The Supreme Court declared forcible conversion to a different religion to be a ‘very serious issue’ that could have an impact on national security, religious liberty, and freedom of conscience. The highest court requested that the central government provide an affidavit outlining the measures that can be taken to stop such forced conversions.


A Public Interest Litigation (PIL) asking the Centre and states to take strict action against forced religious conversion carried out through intimidation or by enticing people with gifts and financial incentives was being heard by a bench of Justices MR Shah and Hima Kohli.


The bench referred to such coercive religious conversion as a very serious issue and said it is time for the Center to intervene to put a stop to them before things get complicated.

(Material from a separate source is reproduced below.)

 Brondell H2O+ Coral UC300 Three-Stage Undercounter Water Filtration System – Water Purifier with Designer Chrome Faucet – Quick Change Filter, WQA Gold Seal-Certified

MR. Justice Shah said: ‘The security of the country may potentially be impacted by forced conversion. Therefore, it would be preferable if the Center made it plain where it stands and what efforts it is taking to put an end to forced conversions.’


The petitioner in the case, attorney Ashwani Upadhyay, stated that either a separate law be created to regulate such conversions or the offence be added to the current Indian Penal Code (IPC). He continued by saying that the problem is a general Indian problem that requires immediate attention.


The Centre’s Solicitor General, Tushar Mehta, told the bench that the matter had been discussed in the constituent assembly and that the government is aware of the situation. The government’s side will submit a response, he added.


The top court additionally ordered the Center to express its position ‘very clearly’ regarding the steps it intended to take. The Constitution, it was noted, permits religious conversion, but not coercive conversion.


The Centre was ordered by the court to submit any counteraffidavits in the matter, along with its answer, by November 22.


The case’s subsequent hearing is slated for November 28.